FROM NASHER TO NEW HAVEN: The Yale University Art Gallery is putting the finishing touches on an exhibit that examines the role writers and language played in Pablo Picasso’s work. The show opens Jan. 27 and will feature 70 items in a variety of media, including a pair of sculptures from the Nasher Sculpture Center.
The objects heading north are: Head of a Woman (Tête de femme, also called Tête de Jacqueline), 1957 (seen above from two angles) and Head of a Woman (Tête de femme), 1931 (cast 1973, right).
“Picasso dubbed his studio a ‘laboratory,’ and today we can still learn from the intense discussion, friendship and collaboration that went on both inside and outside that studio,” Jock Reynolds, director of the gallery, told artdaily.org. “Those intellectual exchanges—among artists, writers and thinkers of many disciplines, during the Cubist years and after—changed Picasso and, ultimately, the course of modern art.”
The exhibit runs through May 24.
UPDATE: I just heard back from a representative at the Yale Gallery who tells me that after the exhibit closes there, the two Nasher sculptures will travel with the exhibit to its next stop, the Nasher Museum of Art at Duke University, from Aug. 20, 2009 – Jan. 3, 2010.

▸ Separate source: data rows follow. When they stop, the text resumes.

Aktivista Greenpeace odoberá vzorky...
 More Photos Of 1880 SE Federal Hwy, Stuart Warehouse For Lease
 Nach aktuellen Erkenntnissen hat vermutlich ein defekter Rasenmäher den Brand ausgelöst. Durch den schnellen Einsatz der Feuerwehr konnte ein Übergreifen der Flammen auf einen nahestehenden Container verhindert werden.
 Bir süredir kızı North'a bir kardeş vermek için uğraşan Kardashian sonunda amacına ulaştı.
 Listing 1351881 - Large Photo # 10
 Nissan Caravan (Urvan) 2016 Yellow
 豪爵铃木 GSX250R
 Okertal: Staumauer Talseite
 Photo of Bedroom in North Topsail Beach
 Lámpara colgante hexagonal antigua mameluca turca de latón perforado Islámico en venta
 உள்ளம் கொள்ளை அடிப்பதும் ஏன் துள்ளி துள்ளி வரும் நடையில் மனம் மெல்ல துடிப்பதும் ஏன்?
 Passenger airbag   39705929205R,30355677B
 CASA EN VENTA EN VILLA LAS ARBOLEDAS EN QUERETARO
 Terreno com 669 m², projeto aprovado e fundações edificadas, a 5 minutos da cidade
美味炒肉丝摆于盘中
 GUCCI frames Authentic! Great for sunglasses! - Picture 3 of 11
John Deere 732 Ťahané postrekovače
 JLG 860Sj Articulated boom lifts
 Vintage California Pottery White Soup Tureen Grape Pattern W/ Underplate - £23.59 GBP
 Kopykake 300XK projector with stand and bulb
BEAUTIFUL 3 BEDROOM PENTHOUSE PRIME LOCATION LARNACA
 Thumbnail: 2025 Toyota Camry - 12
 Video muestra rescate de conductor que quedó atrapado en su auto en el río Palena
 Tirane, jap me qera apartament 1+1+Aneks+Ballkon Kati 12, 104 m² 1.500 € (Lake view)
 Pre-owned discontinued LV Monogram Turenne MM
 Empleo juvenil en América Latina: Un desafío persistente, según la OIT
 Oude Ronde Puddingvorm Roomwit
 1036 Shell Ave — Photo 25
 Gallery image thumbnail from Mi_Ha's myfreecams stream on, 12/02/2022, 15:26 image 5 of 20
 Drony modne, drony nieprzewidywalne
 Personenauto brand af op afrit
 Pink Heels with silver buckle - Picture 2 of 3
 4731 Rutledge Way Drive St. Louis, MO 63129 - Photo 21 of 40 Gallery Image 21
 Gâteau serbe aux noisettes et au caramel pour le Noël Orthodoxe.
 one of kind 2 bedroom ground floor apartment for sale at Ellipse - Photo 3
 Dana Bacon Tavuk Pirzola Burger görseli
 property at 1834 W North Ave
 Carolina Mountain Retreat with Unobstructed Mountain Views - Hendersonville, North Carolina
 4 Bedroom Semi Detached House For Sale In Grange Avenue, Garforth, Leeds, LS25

MR. FRAZIER GOES TO WASHINGTON: Going to the inauguration? Me neither. But one of our local artists is. Frank Frazier was commissioned by the Congressional Black Caucus to create the poster for the foundation’s Presidential Inaugural Ball on Tuesday.
“I am doing this from the heart and am very happy to be doing it,” Frazier told Norma Adams-Wade of The Dallas Morning News.